Contoh Artikel Ilmiah bertema Pembangunan


KONDISI ANGKA PARTISIPASI MURNI (APM) PENDIDIKAN MENENGAH
DI JAWA BARAT
Hana Riana Permatasari dan Suciati Nurhartati
Calon Peneliti Bappeda Provinsi Jawa Barat dan Guru SPP SMK Pu Bandung

ABSTRAK
Kajian ini bertujuan untuk mengetahui penyebab APM tidak tercapai dan kondisi APM di perkotaan dan kabupaten. Kajian dilaksanakan dengan metoda deskriptif dengan menggunakan data skunder dan studyi literatur. Hasil kajian menunjukkan: (1) Angka Partisipasi Murni (APM) Pendidikan Menengah di Provinsi Jawa Barat belum memenuhi Standar Pelayanan Minimal (SPM) Pendidikan Menengah sehingga diperlukan upaya berupa Program/Kegiatan yang dapat menunjang peningkatan APM Pendidikan Menengah, baik dari segi sumber daya manusia, infrastruktur, dan lain-lain; (2) APM Pendidikan Menengah di Provinsi Jawa Barat mengalami peningkatan sehingga Pemerintah harus optimis bahwa APM Pendidikan Menengah di Jawa Barat dapat meningkat ditunjang dengan Program/Kegiatan yang memadai; (3) Rendahnya pencapaian APM di Jawa Barat dapat dikaitkan dengan faktor-faktor: (a) kemiskinan penduduk; (b) kapasitas fiskal Pemda; (c) faktor geografi (jarak ke sekolah yang jauh); (d) ketersediaan layanan pendidikan (rasio jumlah anak usia 16-18 tahun per ruang kelas SMA/SMK; dan (e) tingkat pendidikan penduduk; (3) Kondisi APM Pendidikan Menengah di wilayah Kota lebih baik dibandingkan kondisi APM di wilayah Kabupaten, sehingga Pemerintah Provinsi perlu lebih memfokuskan Program/Kegiatan yang menunjang pada peningkatan APM Pendidikan Menengah di wilayah Kabupaten.. Untuk meningkatkan  APM sekolah menengah di Jawa Barat diperlukan: (1) Upaya pemecahan masalah rendahnya APM sekolah menengah di Jawa Barat; (2) Pembebasan segala jenis pungutan di sekolah terutama bagi anak dari keluarga miskin; (3) Pemerintah perlu menyediakan subsidi untuk segala keperluan sekolah terutama bagi sekolah yang siswanya banyak berasal dari keluarga miskin, seperti beasiswa miskin, dan beasiswa; (4) Peningkatan pengelolaan BOS dan kartu pintar; (5) Meningkatkan akses anak ke Sekolah menengah; dan (6) Sosialisasi pentingnya sekolah kepada masyarakat.

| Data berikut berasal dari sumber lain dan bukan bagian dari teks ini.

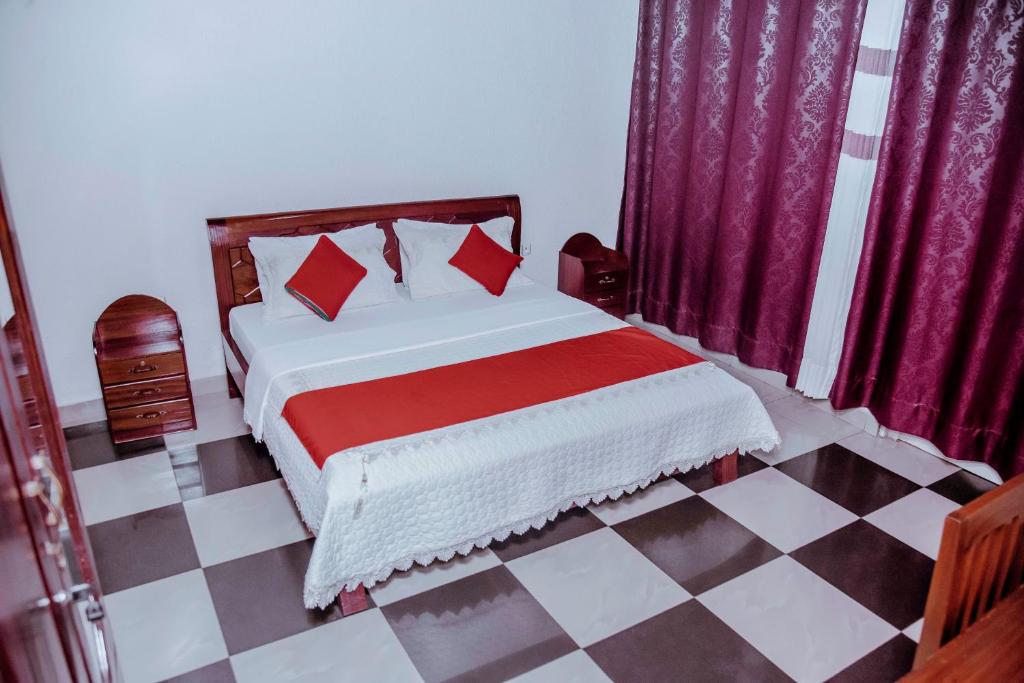 a bedroom with a bed and a checkered floor at Martin Aviator Hotel in Kigali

Kata Kunci: Angka Partisipasi Murni, Pendidikan Menengah, Standar Pelayanan Minimal


PENDAHULUAN
Pendidikan merupakan salah satu sarana untuk meningkatkan kecerdasan dan keterampilan manusia, sehingga dengan adanya pendidikan diharapkan kualitas sumber daya manusia semakin meningkat (Todaro, 2011).  Peningkatan kualitas sumber daya manusia akan berpengaruh terhadap terhadap pertumbuhan ekonomi (Kemendikbud, 2016; Bol, 2015), yang pada akhirnya daya saing masyarakaat Jawa Barat khususnya, umumnya bangsa Indonesia. Menyadari pentingnya peningkatan sumberdaya manusia, Pemerintah Provinsi Jawa Barat telah menetapkan Misi Pertama dalam Rencana Pembangunan Jangka Menengah Daerah (RPJMD) periode Tahun 2013-2018  yaitu “Membangun masyarakat yang berkualitas dan berdaya saing”, dengan sasaran meningkatnya aksesibilitas dan kualitas pendidikan yang unggul, terjangkau, dan merata (Pemerintah Provinsi Jawa Barat, 2013).

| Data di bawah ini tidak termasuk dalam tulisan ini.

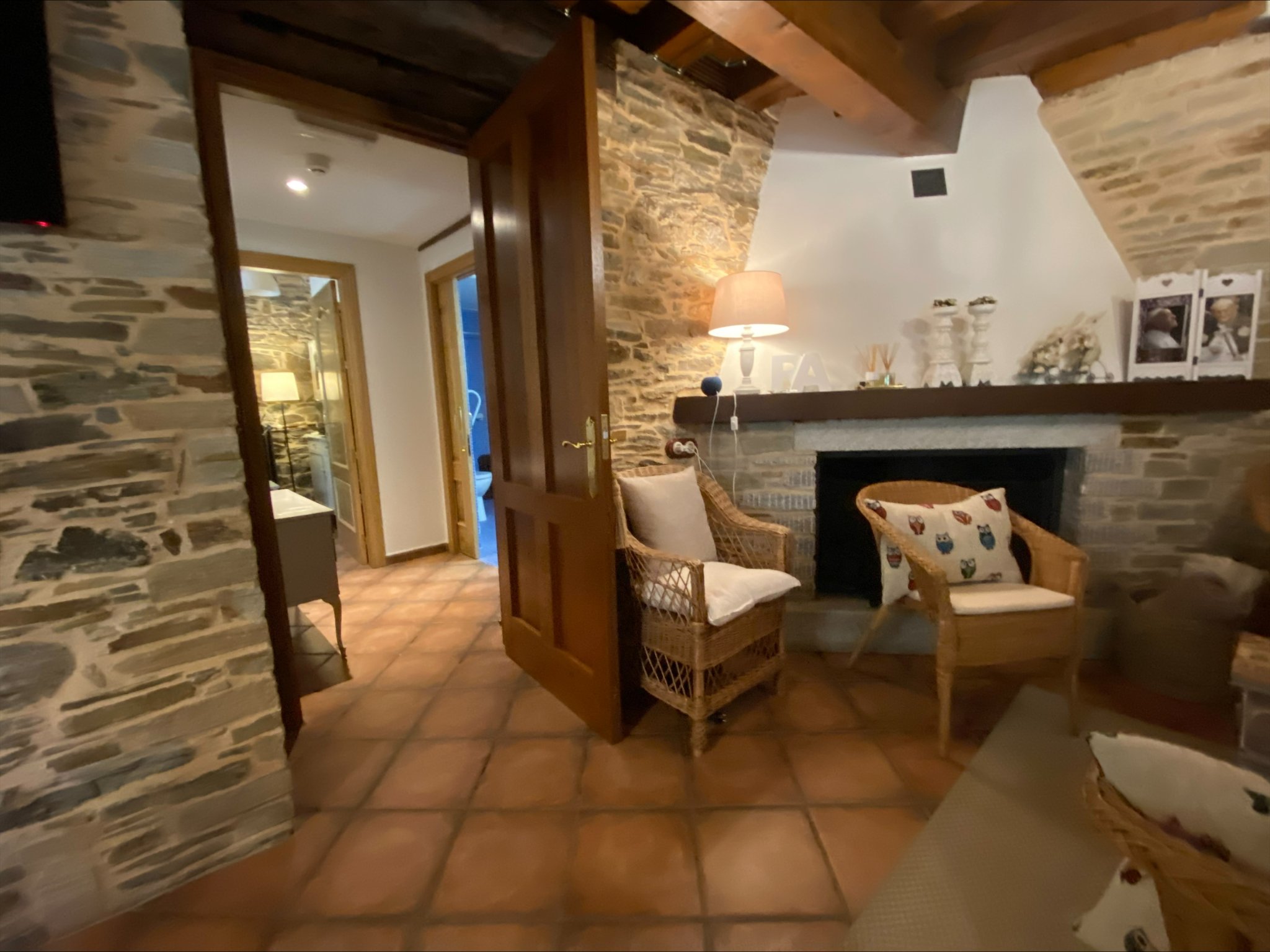 Stone fireplace sitting room at No Pasa Nada Albergue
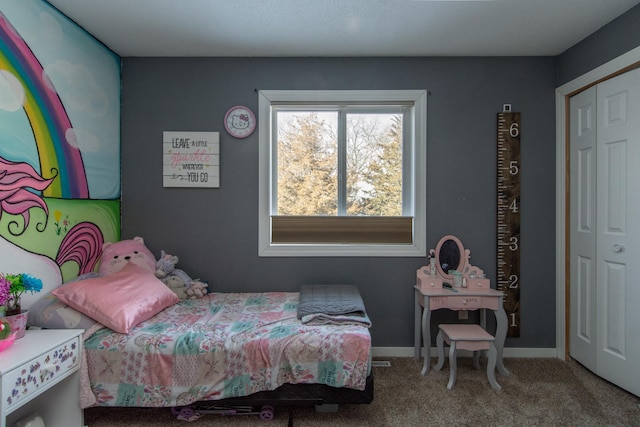 carpeted bedroom featuring a closet and baseboards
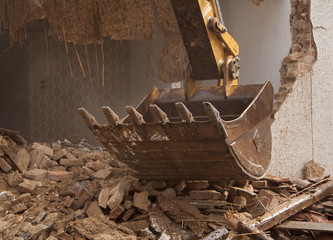 A large track hoe excavator tearing down an old house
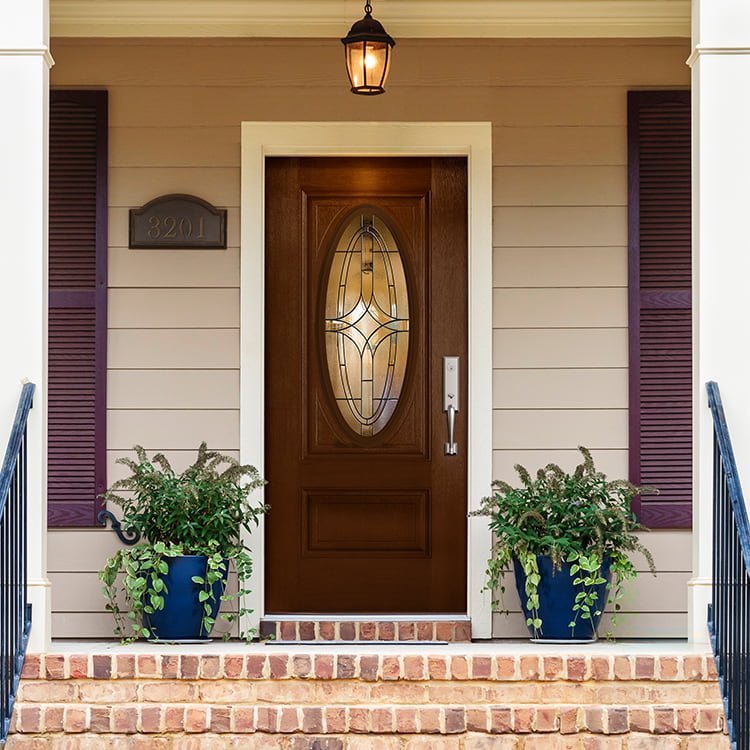 3/4 deluxe oval light front entry door viewed from the exterior of a home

Berdasarkan kewenangan  pengelolaan pendidikan yang mengacu kepada Undang-Undang Nomor 23 Tahun 2014, pengelolaan pendidikan menengah (SMA/SMK) dan pendidikan khusus (SLB) berada pada Pemerintah Daerah Provinsi.  Sebagai tindak lanjut dari Undang-Undang tersebut, maka alih kelola SMA/SMK telah dimulai sejak Tahun 2016, dengan demikian apabila dilihat partisipasi usia sekolah bagi masyarakat Jawa Barat sepenuhnya berada pada tanggung jawab Pemerintah Provinsi Jawa Barat. Angka Partisipasi Murni (APM) didefinisikan sebagai proporsi penduduk pada kelompok umur jenjang pendidikan tertentu yang masih bersekolah terhadap penduduk pada kelompok umur tersebut. APM menunjukkan seberapa banyak penduduk usia sekolah yang sudah dapat memanfaatkan fasilitas pendidikan sesuai pada jenjang pendidikannya. Jika APM = 100, berarti seluruh anak usia sekolah dapat bersekolah tepat waktu (BPS, 2017).

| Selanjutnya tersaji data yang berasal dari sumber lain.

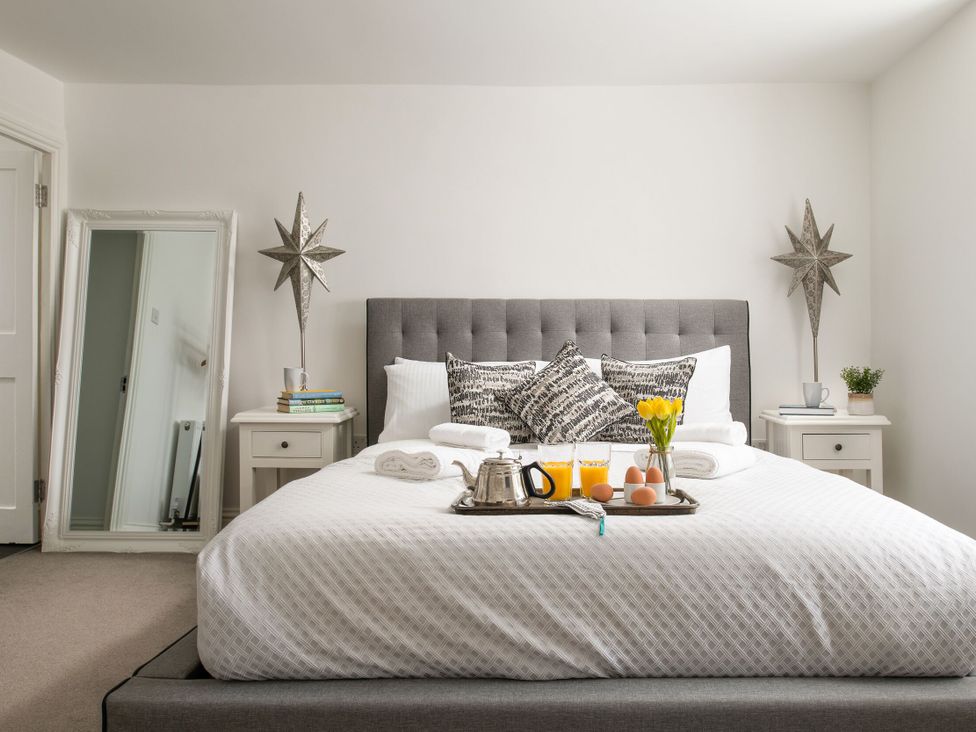 A bedroom with a bed and breakfast tray at Tides Door in Dartmouth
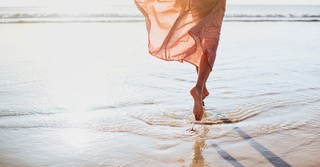 woman running along shore in bare feet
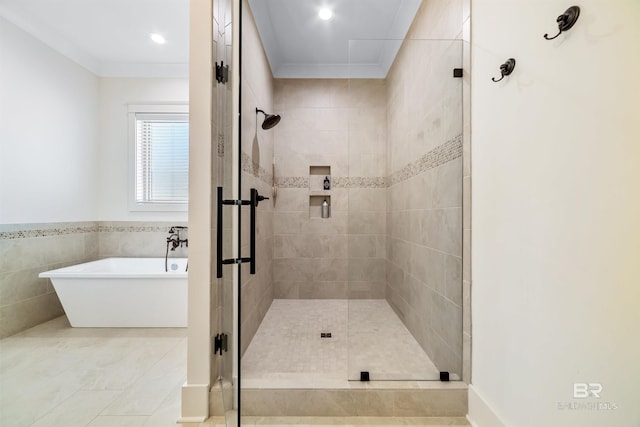 bathroom featuring independent shower and bath, tile patterned floors, ornamental molding, and tile walls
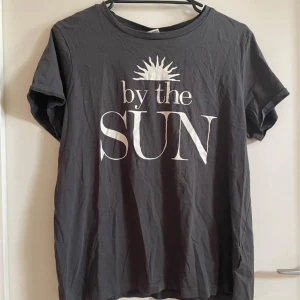 T-shirt med tryck - En grå t-shirt med vit tryck där det står ”by the sun”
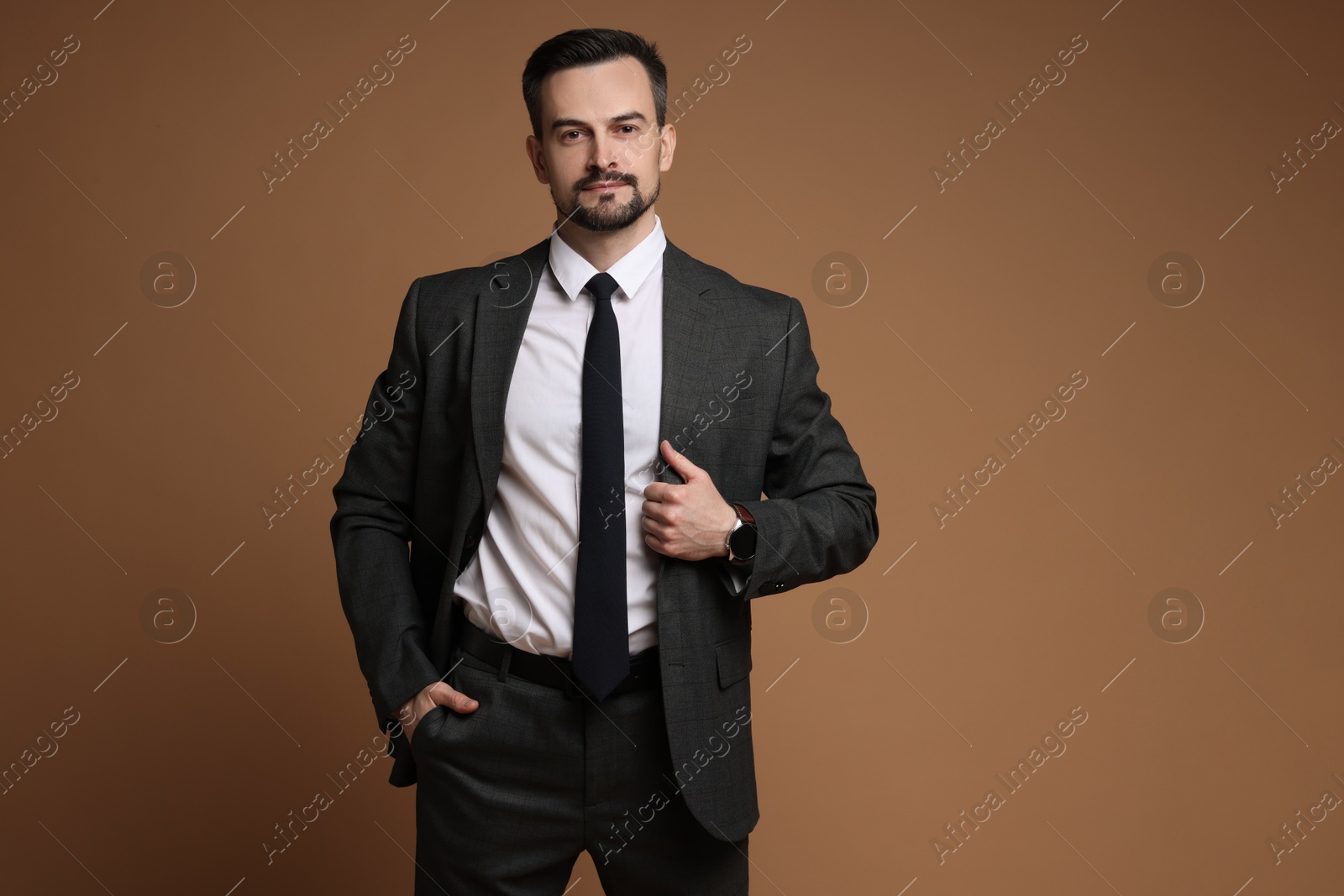 Photo of Handsome man in classic suit on brown background. Space for text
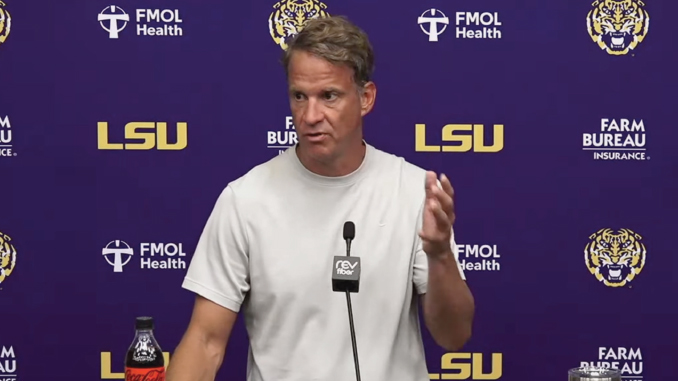 Male football coach giving a press conference at LSU, standing behind a microphone behind a podium.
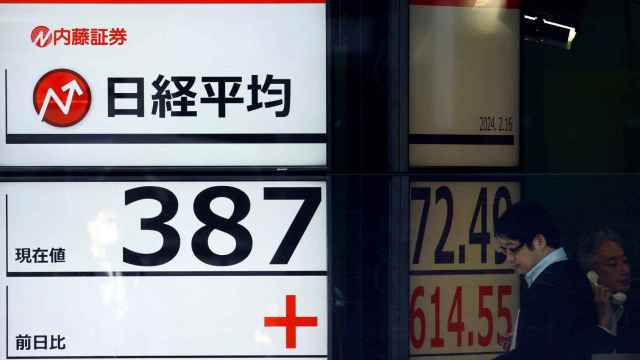 Un hombre cerca de una pantalla que muestra la cotización Nikkei en una agencia de valores de Tokio, Japón.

APM sekolah menengah di Jawa Barat adalah baru tercapai sebesar 52,18 persen pada tahun ajaran 2015-2016, artinya  baru 50 peren lebih penduduk Jawa Barat yang telah memanfaatkan fasilitas pendidikan sekolah menengah dari selurh penduduk Jawa Barat pada usia 16-18 tahun, dari target minimal sebesar 60 persen berdasarkan  Keputusan Menteri Pendidikan Nasional Nomor 129a/U/2004 tentang Standar Pelayanan Minimal (SPM) Pendidikan Menengah. Permasalahannya adalah standar pelayanan minimal bagi APM sekolah menengah di Jawa Barat tidak tercapai, dan bagaimana  kondisi  APM di wilayah perkotaan dan kabupaten. Kajian ini bertujuan untuk mengetahui penyebab APM tidak tercapai dan kondisi APM di perkotaan dan kabupaten. Kajian dilaksanakan dengan metoda deskriptif dengan menggunakan data sekunder dan studi literatur.  Hasil kajian ini diharapan data dijadikan referensi bagi perencanaan pendidikan ke depan.
KESESUAIAN CAPAIAN  APM  DENGAN STANDAR PELAYANAN MINIMAL (SPM) PENDIDIKAN MENENGAH
Untuk APM idealnya adalah 100 persen berarti semua siswa bersekolah sesuai usia dan jenjang pendidikan. Makin tinggi APM berarti makin banyak anak usia sekolah yang bersekolah sesuai dengan usia resmi di suatu daerah dan di tingkat pendidikan tertentu. Bila nilai APM lebih besar dari 100% karena adanya siswa usia sekolah dari luar daerah bersekolah di daerah tertentu karena lokasi sekolah di daerah kota atau daerah perbatasan.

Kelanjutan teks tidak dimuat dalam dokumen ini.